= Secretary of State of the Maison du Roi =

Position in the Ancien Régime and Bourbon Restoration

The secretary of state of the Maison du Roi (Secrétaire d'État à la Maison du Roi) was the secretary of state in France during the Ancien Régime and Bourbon Restoration in charge of the Département de la Maison du Roi. The exact composition of the ministry and the secretary's duties changed several times over the Early Modern period, but in general, the Département de la Maison du Roi oversaw four main areas: the "Maison du Roi" ("Household of the King"), the "Bâtiments du Roi" ("Buildings of the King"), the General Affairs of the Clergy, (from 1749 on) Affairs of the RPR ("Religion Prétendue Réformée", i.e. the Huguenots), and the administration of the capital city of Paris and the provinces. The post later reappeared as the minister for the Maison du Roi.

== History ==
Starting in the 16th century and then from the 17th century on, the "Maison du Roi" was overseen by a ministry, the "Département de la Maison du Roi", directed by a secretary of state, the "Secrétaire d'État à la Maison du Roi". Along with the "Department of War" ("département de la Guerre"), the "Département de la Maison du Roi" was the oldest of the specialized State Ministries, created in 1570 by Charles IX who reunited—under the control of Simon Fizes de Sauve—the "ordinaire des guerres" and the Military Maison du Roi. Both departments were dissociated in 1594: Nicolas de Neufville, seigneur de Villeroy took over the Département of Foreign Affairs and the Department of War, while Martin Ruzé de Beaulieu took over the Maison du Roi.

In 1661, the département was expanded to include Religious Affairs. In 1669, Jean-Baptiste Colbert bought the post from Henri de Guénégaud du Plessis-Belleville, and thus combined under his control the Maison du Roi with the Department of the Navy and the position of Contrôleur général des finances (chief financial officer of the realm). The Secretary of the Department of the Maison du Roi and Contrôleur général des finances would be linked only until 1699, but the Maison du roi and Religious Affairs would remain linked with Department of the Navy until 1749 (except for a brief separation from 1715–1718).

After the downfall of Maurepas in 1749, the Department was broken apart: the Department of the Navy was made into its own Department and given to Rouillé while the Department of the Maison du Roi and of Religious Affairs
was given over to the comte de Saint-Florentin.

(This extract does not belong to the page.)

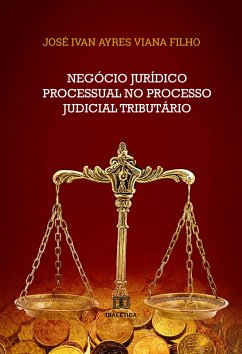 Cover Negócio Jurídico Processual no Processo Judicial Tributário (eBook, ePUB)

The offices of the department were few: only four buildings in 1771, five in 1789. The department's archives are stored in two places: the "Grands Augustins" and the Palais du Louvre/Palace of the Louvre.

== Oversight ==
=== The Maison du Roi ===
The "Maison du Roi" (Household of the King) was the name of the military, domestic and religious entourage around the Royal Family in the Kingdom of France. In essence, the Secretary's oversight was purely formal, as the officers of the "Maison du Roi" were under the direct authority of the Grand Maître of France (Chief Steward of France). Moreover, in practice, the military branch of the Maison du Roi was run by the Minister of War. The "Secrétaire d'État à la Maison du Roi" was however in charge of recruiting officers for the "Maison du Roi", and would receive prospective applications for posts and submit them to the king for his approval.

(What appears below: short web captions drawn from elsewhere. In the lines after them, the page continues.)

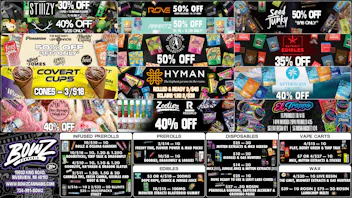 BOWZ Cannabis ‼️Big BrandZ, BowZ Pricing💰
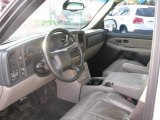 2001 Chevrolet Tahoe LS Graphite/Medium Gray Interior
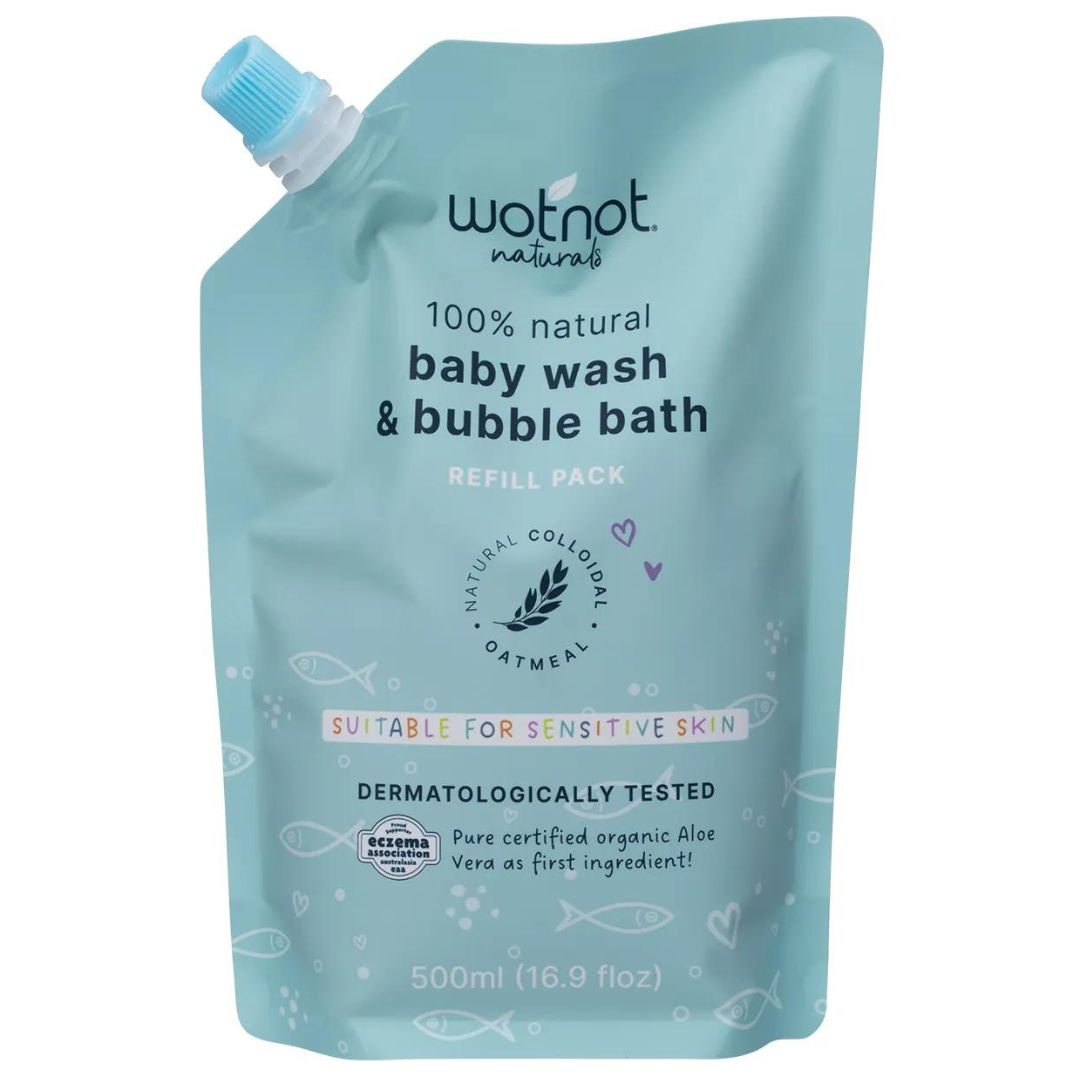 Wotnot - Baby Wash & Bubble Bath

=== The King's Buildings ===
The Secrétaire d'État à la Maison du Roi oversaw the "Bâtiments du Roi" (Buildings of the King), run by (at various periods) a superintendent or directeur général of buildings. The service was responsible for the royal residences and for royal patronage of architecture, painting and sculpture. It also ran the Manufacture des Gobelins, the Manufacture de la Savonnerie and the Manufacture nationale de Sèvres.

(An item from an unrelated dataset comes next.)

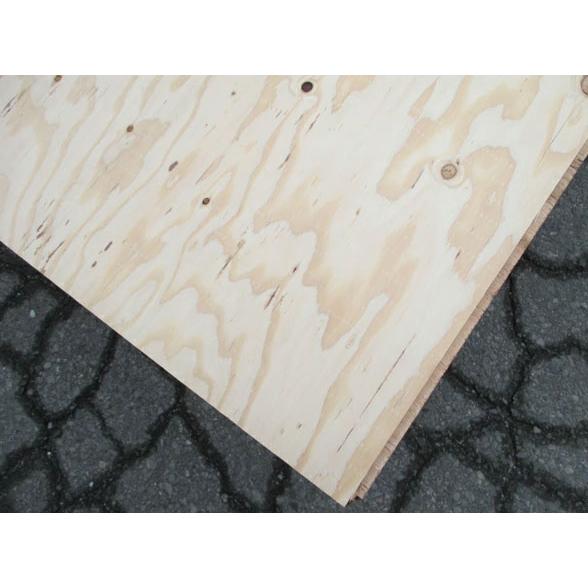 構造用合板（1820×910×12等）１５枚　保管品！　中古品！ 針葉樹構造用合板 1820×15×910ミリ サネ付き ※メーカー取り寄せ品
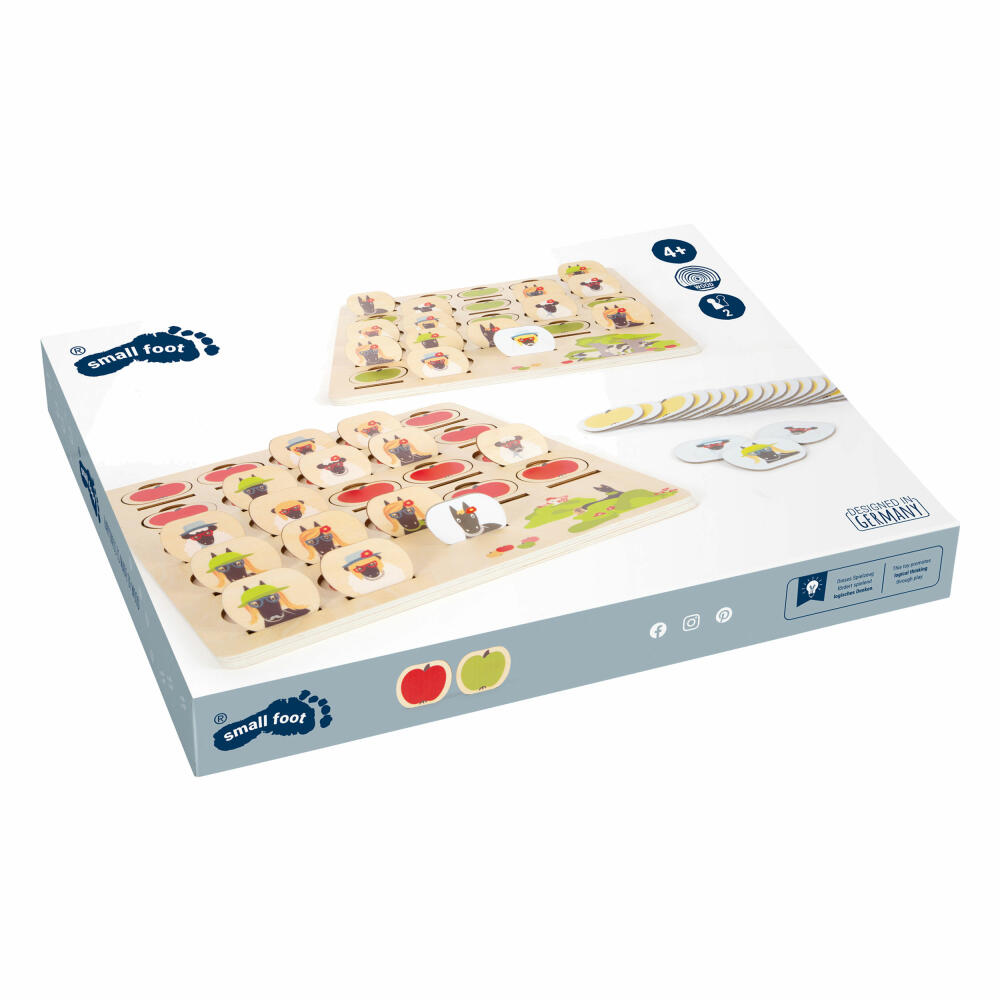 Legler Ratespiel Wer bin ich - 4 Friends, Gesellschaftsspiel, ab 4 Jahre, 12363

The Secretary also oversaw (either directly or through the service of the Bâtiments du Roi) cultural and scientific institutions such as the Bibliothèque du Roi, the Paris Observatory, the Jardin des Plantes, the Collège royal, French academies and royal entertainment.

=== Religious Affairs ===
The Secrétaire d'État à la Maison du Roi was in charge of religious benefices. He oversaw the conduct of bishops, the elections of abbeys and of the heads of French religious orders. He was in charge of relations between the government and the clergy.

In 1749 the Secretary of State of the Maison du Roi was combined with the Secretary of State for Protestant Affairs in charge of the overseeing French Protestant affairs, although the two departments remained distinct.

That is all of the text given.